Dr. Lakshmivenkateshiah said most critical heart injuries are fatal if left untreated. Since initial signs and symptoms are difficult to diagnose, there is a tendency to delay treatment due to parental care and concern. This harms a child’s prospects for a long, healthy life. Late referrals for treatment of heart disease are associated with excessive complication rates, even with the best treatment.
“Medications need to be prescribed by an experienced pediatric cardiologist according to the child’s condition. Your pediatric cardiologist should be able to advise on the possible side effects of each medication at once,” said Dr. Lakshmivenkateshiah.
Finally, he mentioned that general measures are recommended for a healthy upbringing of children. A growing child should have adequate and appropriate nutritional support, positive emotional support from all family members, a stimulating and conducive environment at home, general limitation on exposure to screens, etc. should be the way forward.
ADVANCES IN PEDIATRIC CARDIOLOGY:
As with all other specialties, pediatric cardiology is a rapidly evolving specialty, with rapid advances in research in terms of disease prevention, treatment and care. In the current era, many heart defects can be cured with a success rate greater than 99% and in many cases even without open heart surgery. Parents of children with heart defects should consult a pediatric cardiologist for specific advice about their child’s needs.
“Some heart diseases can run in families, although they are very rare. Heart disease can occur in certain high-risk pregnancies, elderly couples, diabetic mothers, mothers who have a febrile illness such as rubella during pregnancy, pregnant women exposed to certain medications, repeated miscarriages, and a family history of a child born with problems. cardiac. disease or, if the pregnant woman/father herself has congenital heart disease. These couples need appropriate genetic counseling. Many heart diseases can be detected even before a child is born with an ultrasound, called a fetal echocardiogram. Fetal echocardiograms are performed routinely and are most useful in high-risk situations, as mentioned above. Genetic counseling also needs to be adapted and limited to high-risk pregnancies only,” says Dr. Srinivas Lakshmivenkateshiah.
MARATHON TO BE FLAGED:
Jupiter Thane Marathon ’24, an initiative by Jupiter Hospital, is back, bringing together marathon runners and fitness enthusiasts from across the city to run for a cause. This year, the marathon will help raise funds for pediatric heart treatments and will see the who’s who of Thane running alongside medical professionals and students to help little hearts stay healthy.

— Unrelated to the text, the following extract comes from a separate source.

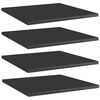 vidaXL riiuliplaadid 4 tk, must, 40x40x1,5 cm, puitlaastplaat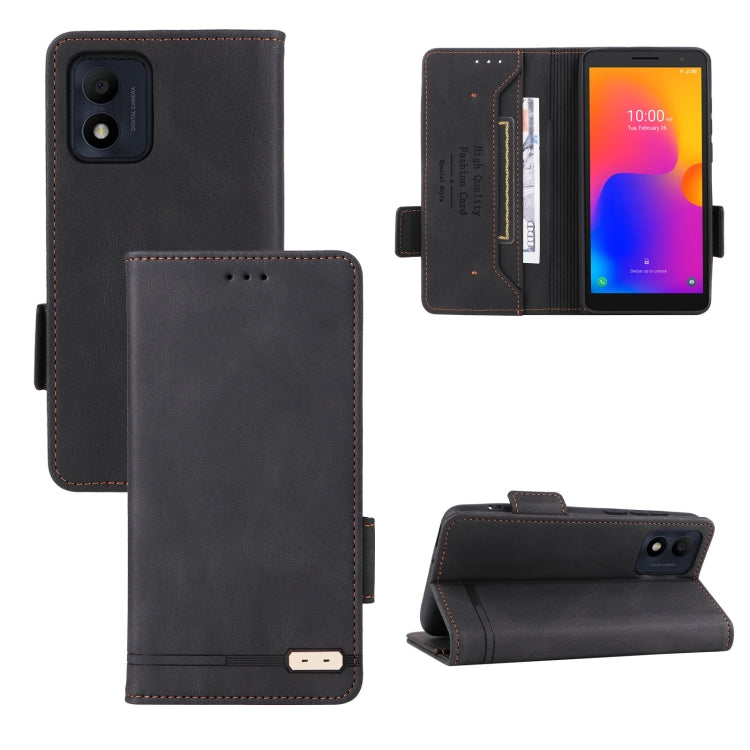 Custodia per telefono in pelle con chiusura magnetica, For Alcatel 1B 2022, For OPPO A57 5G 2022 / Realme V23 5G, For Motorola Moto E32 4G, For Nokia C21 Plus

Scheduled to be held on January 7, 2024, the marathon will have three distance categories – 5k, 10km and 21km – and participants will be able to register through ticketing platforms. The races begin at 6 am at Raymond Gate, Pokhran No. 2 and are supported by the Thane District Athletic Association and others. About 6,000 Participants are expected to register for the event, the proceeds of which will be used to help children in need of pediatric heart treatment.